Provided information: Begin
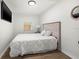 Cozy bedroom featuring a comfortable bed with white bedding, a wooden headboard, and a window for natural light at 1752 42Nd S St, St Petersburg, FL 33711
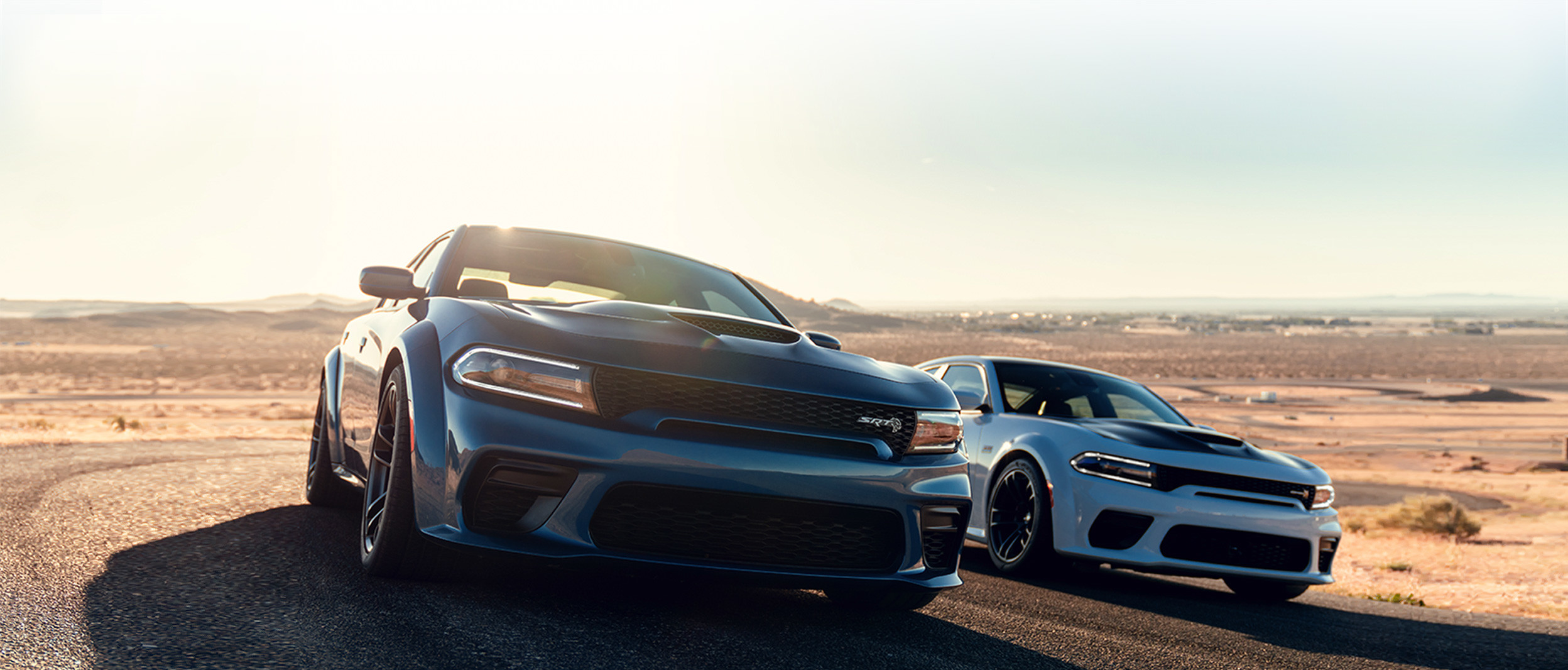 The blue 2020 Dodge Charger being driven on a road in a desert beside the white 2020 Dodge Charger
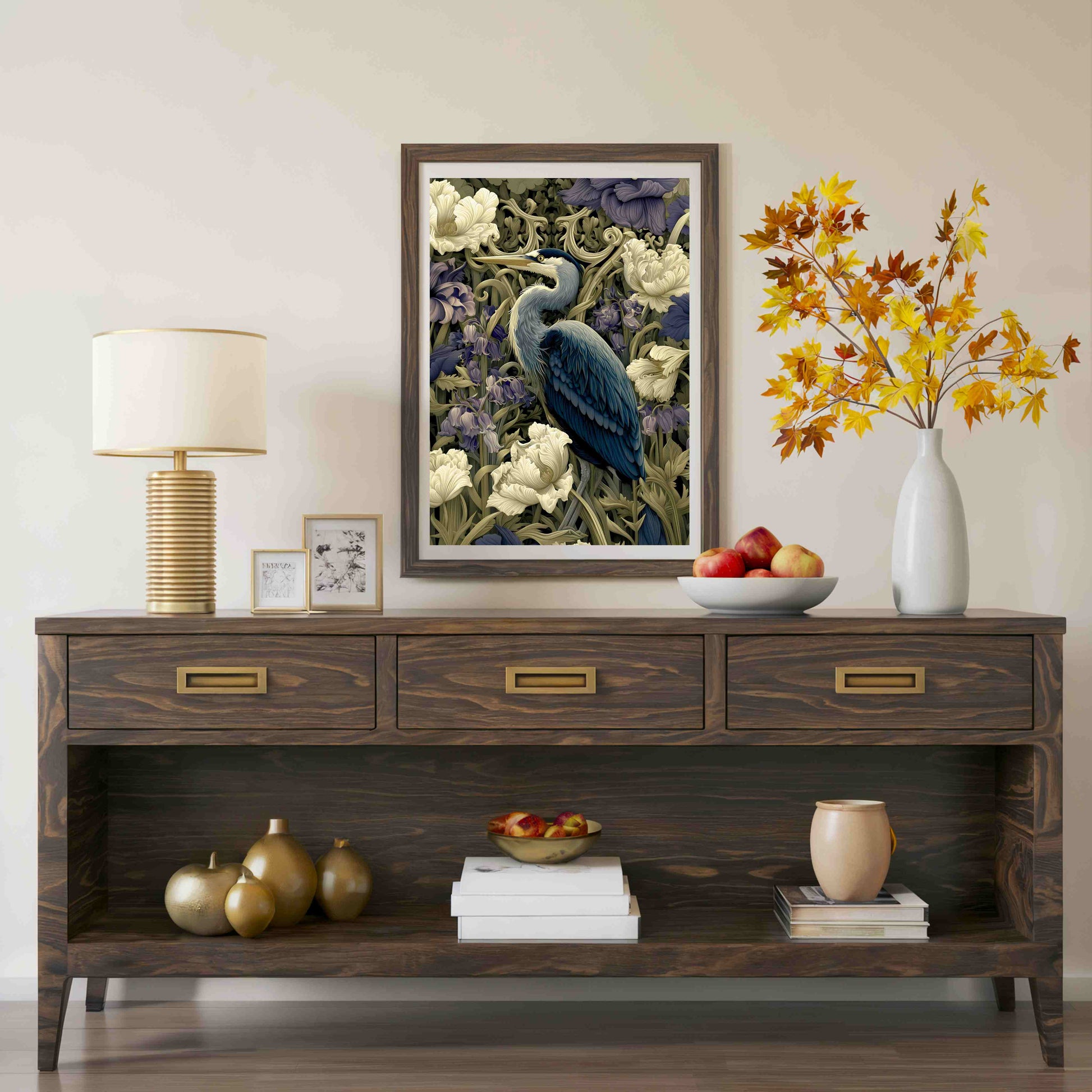 A framed art print depicting a blue heron among white flowers, styled on a dark wood console table in a living room setting with a lamp, decorative vases, and fruit.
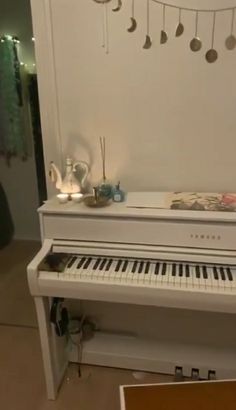 a white piano sitting in front of a wall with ornaments hanging from it's sides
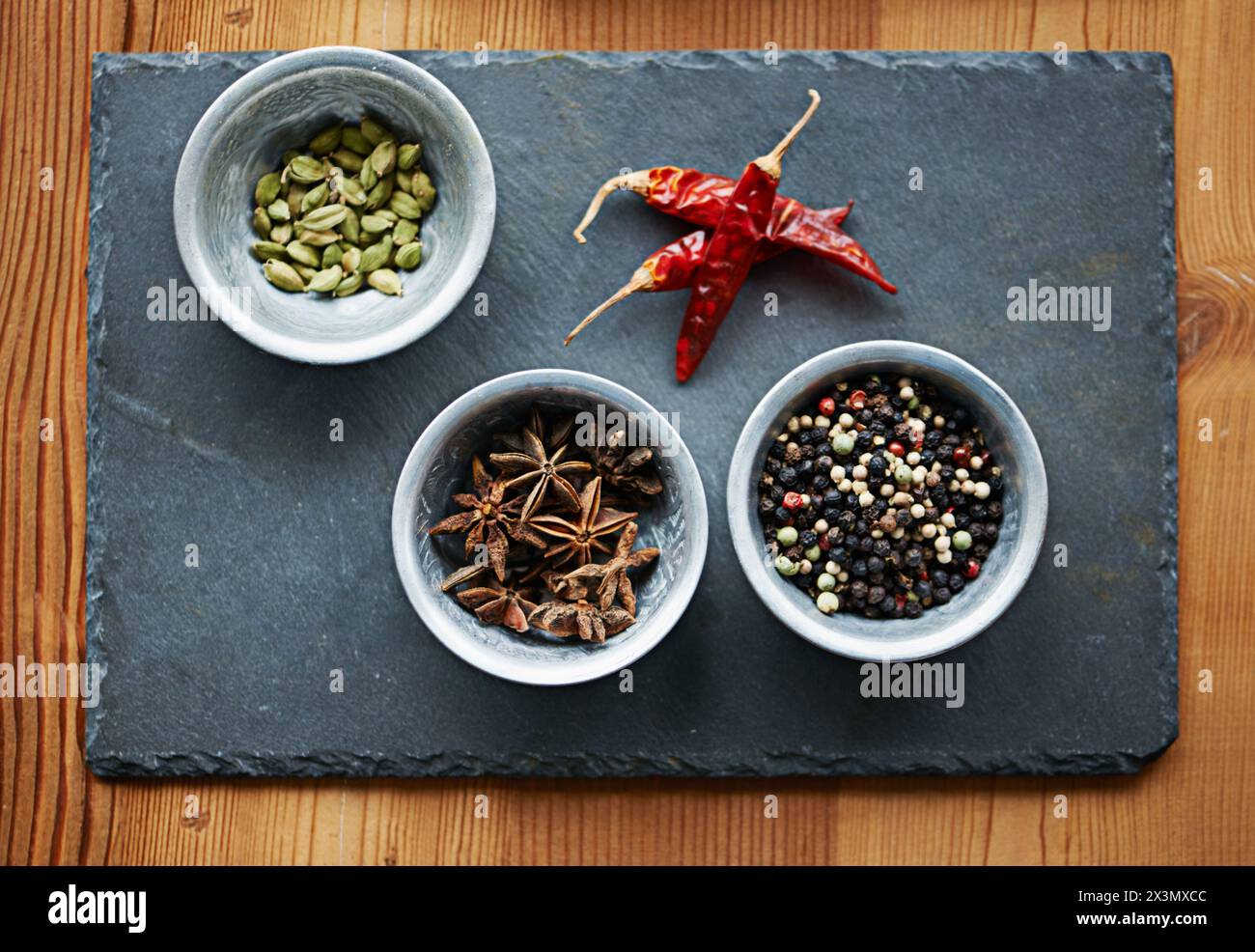 Peperoncini, ingredienti e spezie nella ciotola sopra a bordo per cucinare per la cucina, il pasto e il pranzo. Condimenti, condimenti e pepe essiccato per buongustai Foto Stock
Provided information: End
* What to do *
Set down the records above exactly, leaving out pictures.

* Solution for this exercise *
 Cozy bedroom featuring a comfortable bed with white bedding, a wooden headboard, and a window for natural light at 1752 42Nd S St, St Petersburg, FL 33711
 The blue 2020 Dodge Charger being driven on a road in a desert beside the white 2020 Dodge Charger
 A framed art print depicting a blue heron among white flowers, styled on a dark wood console table in a living room setting with a lamp, decorative vases, and fruit.
 a white piano sitting in front of a wall with ornaments hanging from it's sides
 Peperoncini, ingredienti e spezie nella ciotola sopra a bordo per cucinare per la cucina, il pasto e il pranzo. Condimenti, condimenti e pepe essiccato per buongustai Foto Stock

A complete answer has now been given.